[Data extract]:
§
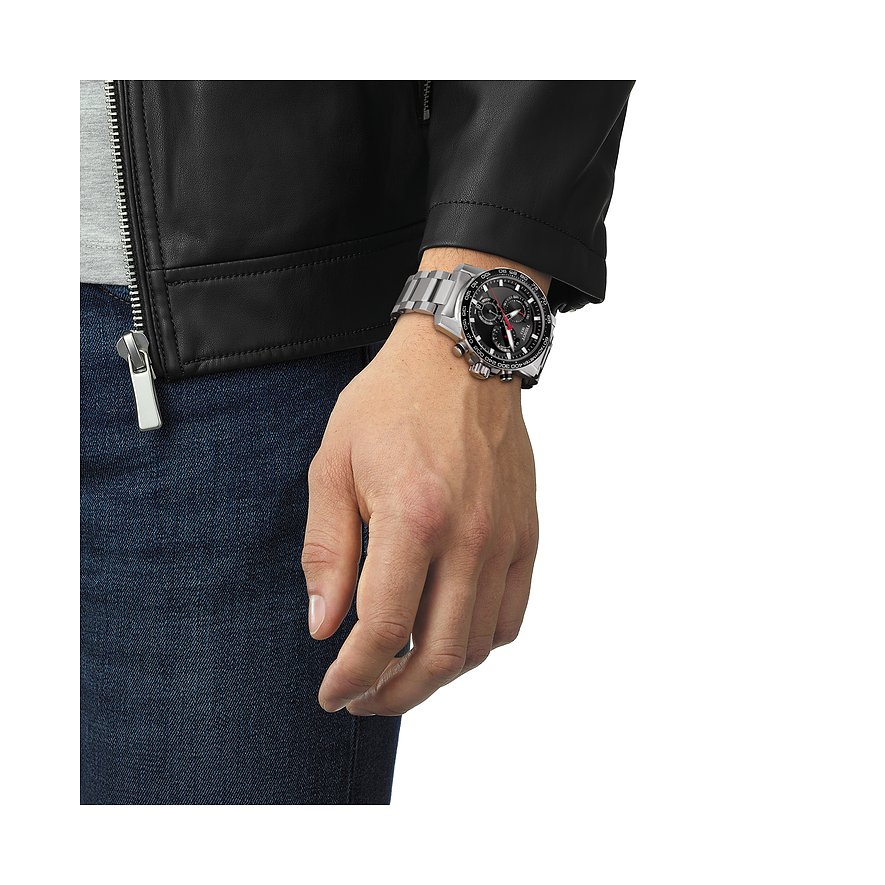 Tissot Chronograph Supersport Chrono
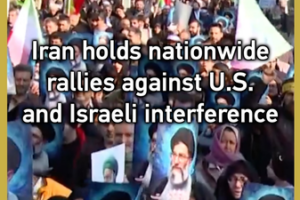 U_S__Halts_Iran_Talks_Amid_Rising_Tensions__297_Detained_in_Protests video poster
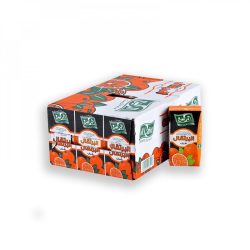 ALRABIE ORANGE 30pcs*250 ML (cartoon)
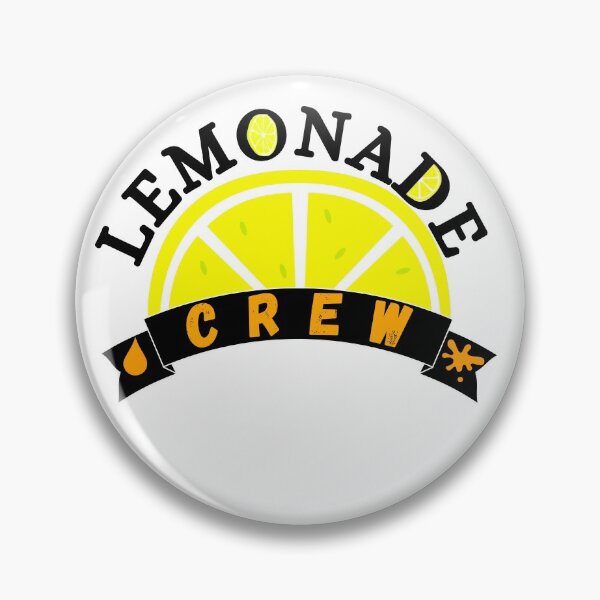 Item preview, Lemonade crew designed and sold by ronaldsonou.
§
Retype the line containing "ALRABIE ORANGE 30pcs*250 ML (cartoon)" and all lines after it through the end of the material, exactly and only those, leaving out pictures.

 ALRABIE ORANGE 30pcs*250 ML (cartoon)
 Item preview, Lemonade crew designed and sold by ronaldsonou.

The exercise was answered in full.